Cut the Jacket Carefully

Sorry for the bad focus; the iPhone had a tough time with these...

Sorry for the bad focus; the iPhone had a tough time with these...

The jacket on category cable protects the four twisted pairs inside. When you cut it, be careful not cut too deep. The solid copper wire is fragile and if you score it, the conductor can easily break while you’re manipulating it. I like to run my blade over the jacket, then bend it at a 90° angle. This usually breaks the jacket and you can pull it off cleanly. 

Organize the Wires

Once the jacket is cut, splay the pairs out in the right order. This will be helpful as you untwist them and get them lined up in the right sequence. Once the pairs are ordered, untwist them and begin the straightening process. I like to take each wire and pull it through my fingers a few times to get it straightened out. As I do this, I start lining them up in order. 

Know Your Standards

Most of the time, we want to wire Cat5 cables using the USOC 568B standard. That means the wires will go in this order when you view the connector from the bottom (where the actual contacts are):

  • White/Orange
  • Orange
  • White/Green
  • Blue
  • White/Blue
  • Green
  • White/Brown
  • Brown

568A is similar, except it swaps the Orange and Green pairs. Most equipment will work fine with either, but when I ask manufacturers for recommendations, they usually suggest 568B. So that’s what I do unless the documentation specifically states otherwise. When you have the wires lined up right, it should look like this.

Cut To Length

Again, focus. Ugh...

Again, focus. Ugh...

Over the years, I’ve learned to strip the jacket a bit long, straighten the wire out and get it lined up, then cut it shorter to fit in the plug. It’s easier and it makes sure the wires are all the same length. You may have to experiment a little get a feel for how short to make your final cut. There’s probably a standard somewhere, but I eyeball it and it’s usually about 1/2” or so.

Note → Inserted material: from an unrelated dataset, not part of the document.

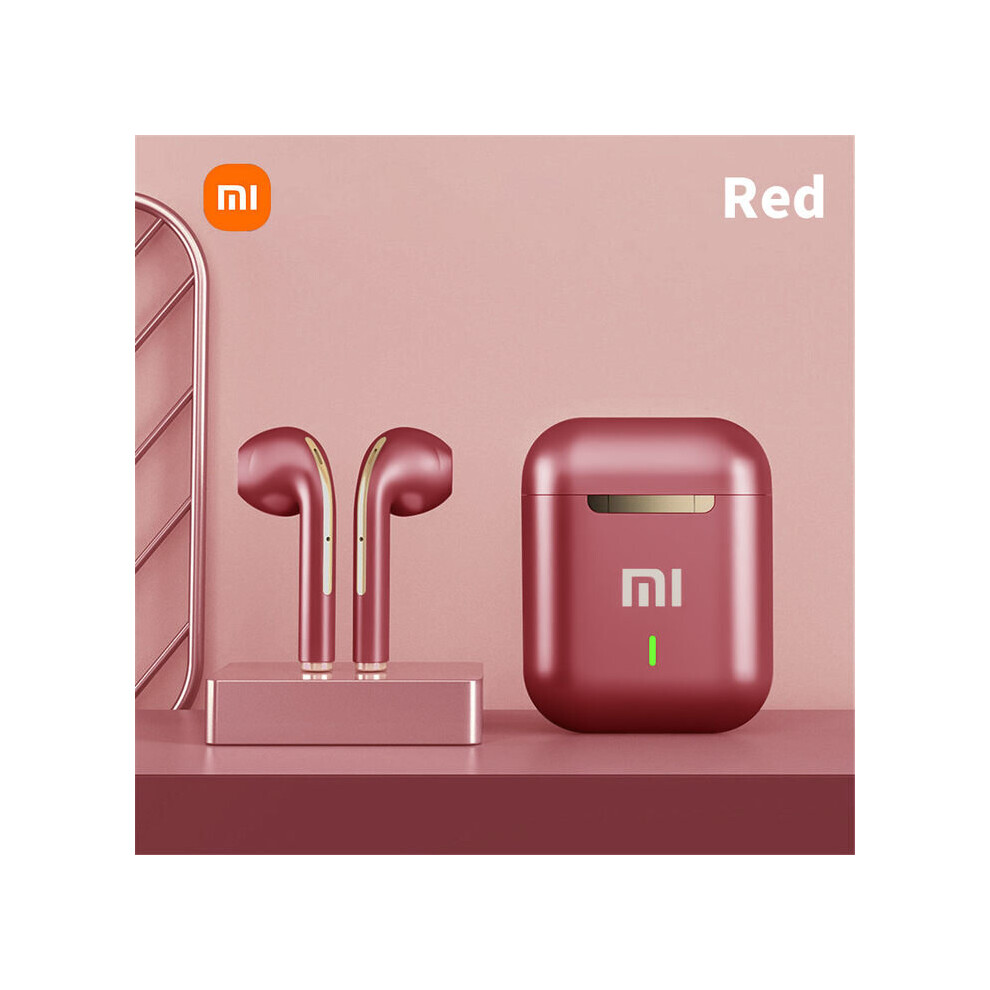 (A-) Xiaomi J18 Wireless Earphones Bluetooth Headphones Gamers Headset With Microphone Tws Earbuds Handsfree In Ear Fone Auriculares Red 4851204895369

Insert the Wire Into the Plug

This is the hardest part of the job. There are little groves in the plug that the wire is supposed to slide into, but if you haven’t done a good job straightening the wire out, one wire may jump into the wrong groove and get out of order. So make sure you take your time, get the wires relaxed and going in the right direction. If you can’t take your fingers off them and have them stay in the right order, you’re going to have problems getting them in the plug. 

Make sure you push them all the way to the front. There are only two little IDC (Insulation Displacement Contacts) teeth on each connection, and you don’t want to miss them. Many a cable fails to work because one wire didn’t get in all the way. 

Crimp It Down

cat5-7.JPG

Once you’re all set, put the plug in the crimping tool and give it a good squeeze. I like the ratcheted crimpers because I know I’ve made a full press. But I’ve also used non-ratcheted ones for years and they work fine. Take the connector out and you should be all set. When you’re all done, visually inspect the end to make sure the wires stayed in the right order. It should look just like this one. After you do the other end, it’s best to test the cable with a two-part tester (assuming the ends are far away). You can find the testers almost anywhere at varying price points. 

 In case you’re wondering, this is a shielded connector, and we use those for video over Cat5. 

So that’s it. They’re not hard to make, just a bit of a pain. Personally, I’d rather make BNC cables all day long than a handful of Cat5 connectors, but that’s just me. The world is going Cat5, so we better know how to use it.